The moon crosses the border between day and night, showing its face during both daylight and in the dark of night. And its face changes from day to day, from night to night... From thin sliver to full moon, the moon's phases mark time in the sky. This regular cycle did not escape the notice of our ancestors.

People have always searched for order in the night sky -- in the motion of the sun and moon -- even in the nearly random scattering of stars above. For at least thousands of years, we have connected stellar dots to form pictures -- constellations -- that tell stories in the sky.

In one part of the sky, the ancient Greeks imagined the character Orion in the midst of an elaborate hunting scene. [...] With these same stars, Egyptians drew their god Osiris on his journey along the Nile River. [...] The Bororo People of Central Brazil don't see a person at all -- instead, they place a giant crocodile in this part of the sky. These patterns sprout from the human imagination, but people found other patterns as well.

Although the sun's brightness washes out the stars in the daytime sky, people discovered some time ago that the sun follows a particular path in the sky, along a line called the ecliptic. The constellations along this path have familiar names -- Scorpius, Sagittarius, Capricorn, to name a few.

The moon follows this same path in the sky. It too travels along the ecliptic. If we watch the moon from day to day, night to night, we see it pass through its phases against these familiar background constellations.

And there are still other wanderers along this star-lit path.

Planets
Ancient observers paid close attention to star-like objects that appeared to move -- to shift position relative to the unmoving constellations. The ancient Greeks called these objects "wanderers." In English, the Greek name became "planets."

We now think of the planets as places to visit. We have landed spacecraft on Mars and Venus; we have sent probes to photograph Jupiter, Saturn and the other planets. [...] But for our ancestors, these objects were simple wanderers. Itinerant members of the night sky.

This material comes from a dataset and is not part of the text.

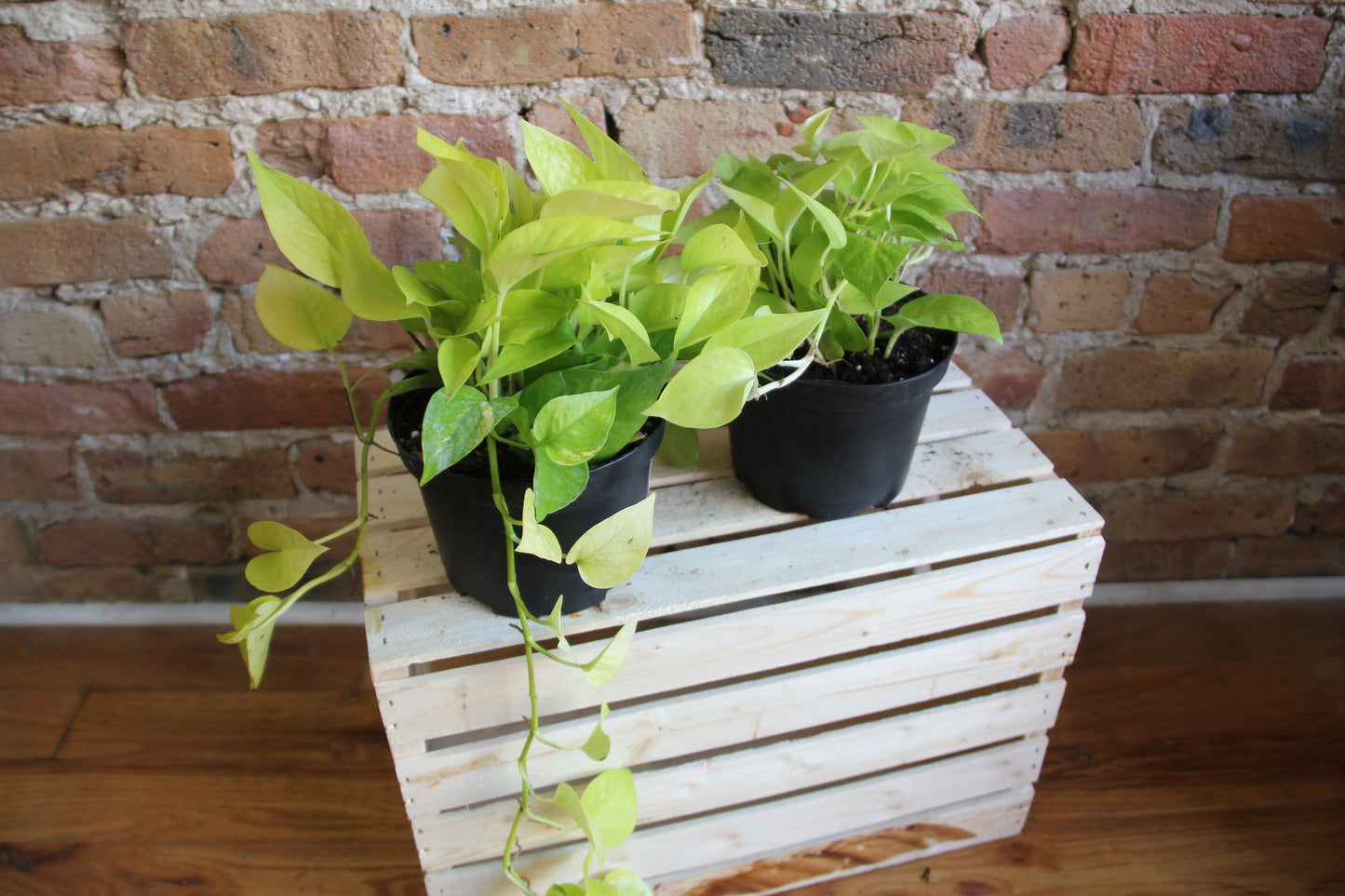 Pothos Neon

They noticed that planets followed the same path as the sun and moon in the sky -- along the ecliptic -- and they learned how to predict the planets' positions and appearances.

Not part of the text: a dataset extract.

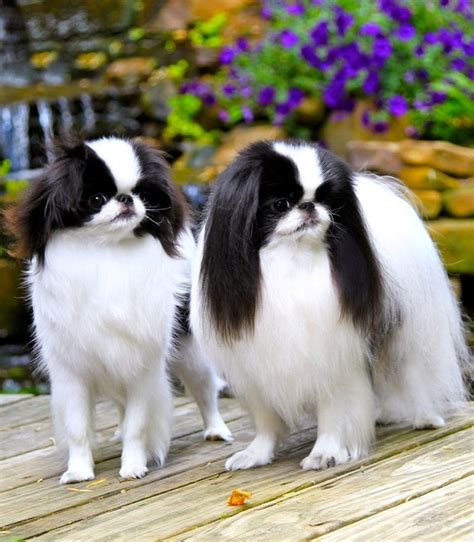 Home Midwood Japanese Chin Japanese Chin Puppies Japanese Dog Breeds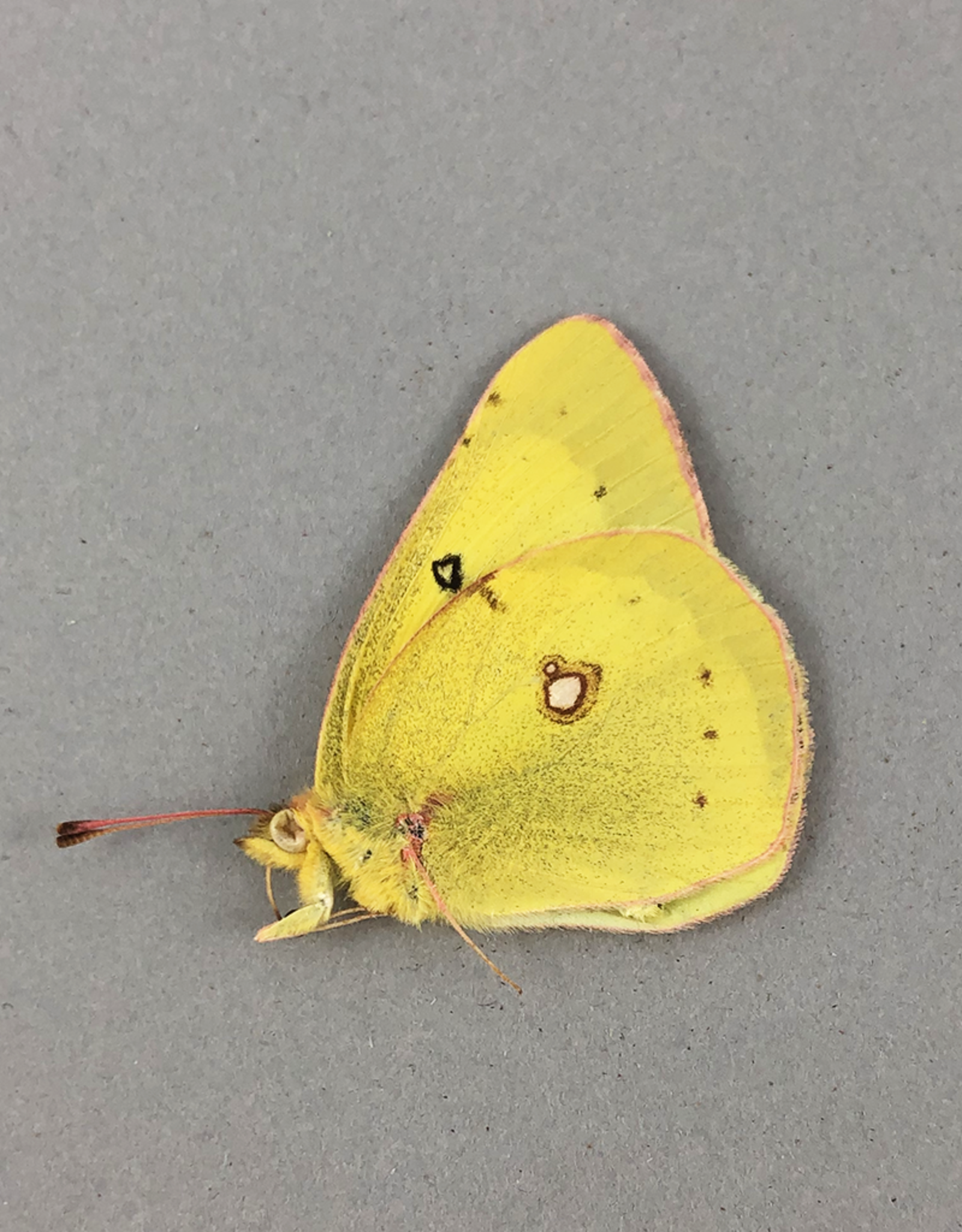 Colias philodice hageni M A1 Kananaskis, AB, Canada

Planets move so predictably through our sky because they move predictably around our Sun. They follow orbits -- paths around the Sun that we can calculate. Planets close to the Sun -- such as Mercury, Venus, Earth, and Mars -- orbit faster than planets farther away -- Jupiter, Saturn, Uranus, and Neptune. Earth completes its trip around the Sun in just 365 days, or one year. Pluto, the most distant planet, takes nearly 250 years to make a single trip around the Sun.

With the fixed stars and the predictable planets, the sky presented a fascinating order to ancient people. They could use the sky as a reliable guide and as a basic clock and calendar to organize their time.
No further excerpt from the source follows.